🤖 AI Summary
Addressing the challenge of balancing model lightweightness and high performance for on-device deployment, this paper introduces Megrez2—a sparse mixture-of-experts (MoE) language model architecture designed specifically for edge devices. Its core innovations are cross-layer expert sharing and pre-gating routing: the former enables reuse of expert modules across adjacent Transformer layers to reduce parameter redundancy, while the latter predicts expert activation patterns prior to routing to accelerate inference. With only 3B activated parameters and 7.5B total stored parameters, Megrez2 matches or surpasses larger models across language understanding, instruction following, mathematical reasoning, and code generation. Complemented by an optimized on-device inference engine and a training paradigm integrating supervised fine-tuning with verifiable reward-based reinforcement learning, Megrez2 ensures robust real-world deployment performance.
📝 Abstract
We present Megrez2, a novel lightweight and high-performance language model architecture optimized for device native deployment. Megrez2 introduces a novel cross-layer expert sharing mechanism, which significantly reduces total parameter count by reusing expert modules across adjacent transformer layers while maintaining most of the model's capacity. It also incorporates pre-gated routing, enabling memory-efficient expert loading and faster inference.
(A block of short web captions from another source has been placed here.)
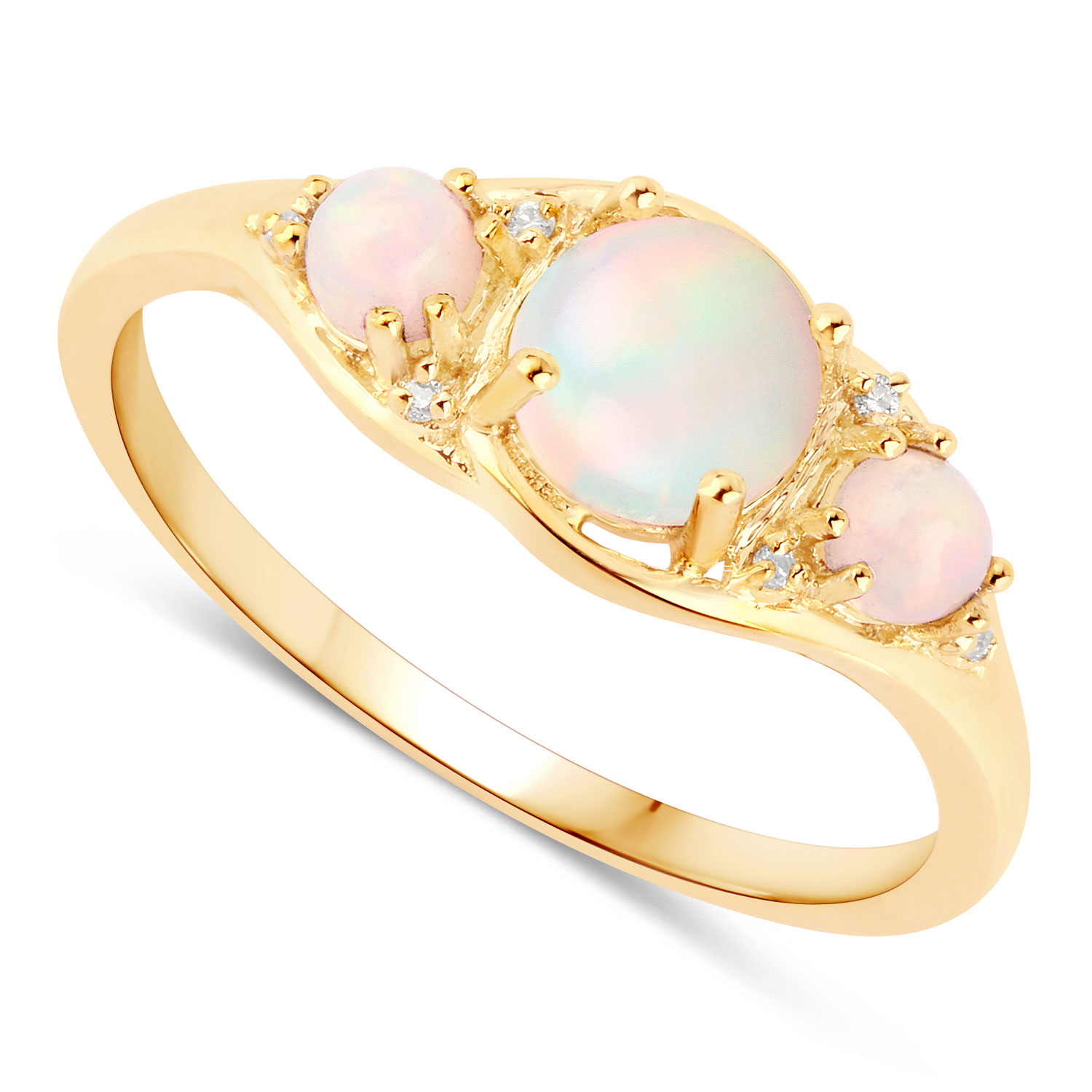 0.68 Carat Genuine Ethiopian Opal and White Diamond 14K Yellow Gold Ring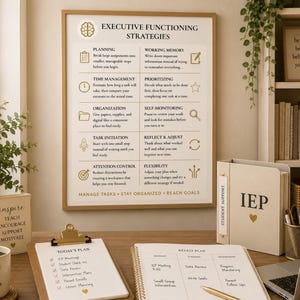 Executive Function Poster Classroom Organization Guide Teacher Resource Print Study Skills Chart Adhd Strategy Printable Wall Art Counseling image 10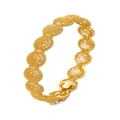 Elegant gold-plated filigree bangle featuring intricate hollow flower patterns for weddings - Style 1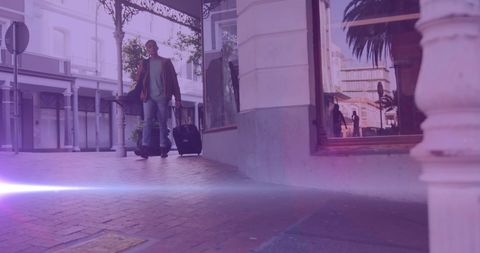 Urban morning commute with vibrant light effects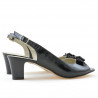 Women sandals 1251m patent black satinat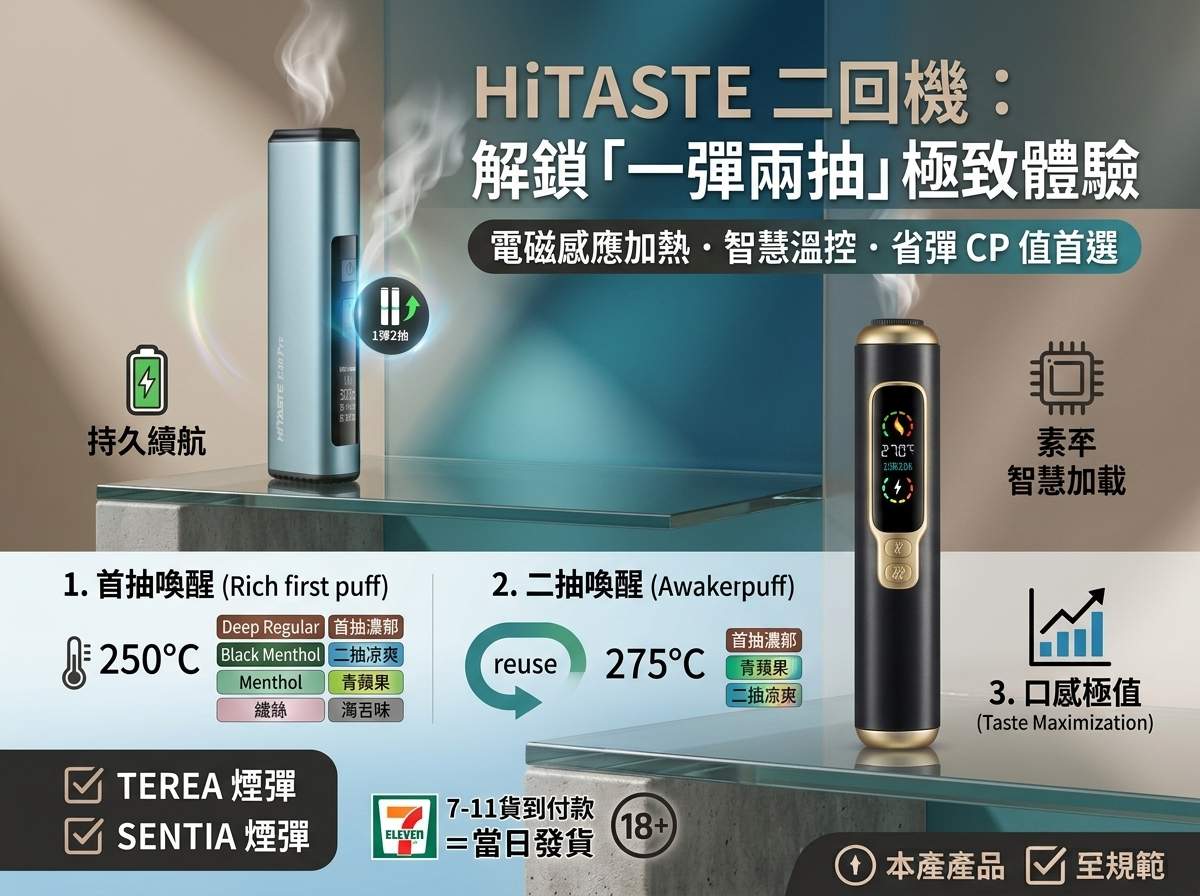HiTASTE 二回機官網_正品二次加熱煙主機專賣店_台灣現貨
As the first instantiation of the Megrez2 architecture, we introduce the Megrez2-Preview model, which is pre-trained on a 5-trillion-token corpus and further enhanced through supervised fine-tuning and reinforcement learning with verifiable rewards. With only 3B activated and 7.5B stored parameters, Megrez2-Preview demonstrates competitive or superior performance compared to larger models on a wide range of tasks, including language understanding, instruction following, mathematical reasoning, and code generation. These results highlight the effectiveness of the Megrez2 architecture to achieve a balance between accuracy, efficiency, and deployability, making it a strong candidate for real-world, resource-constrained applications.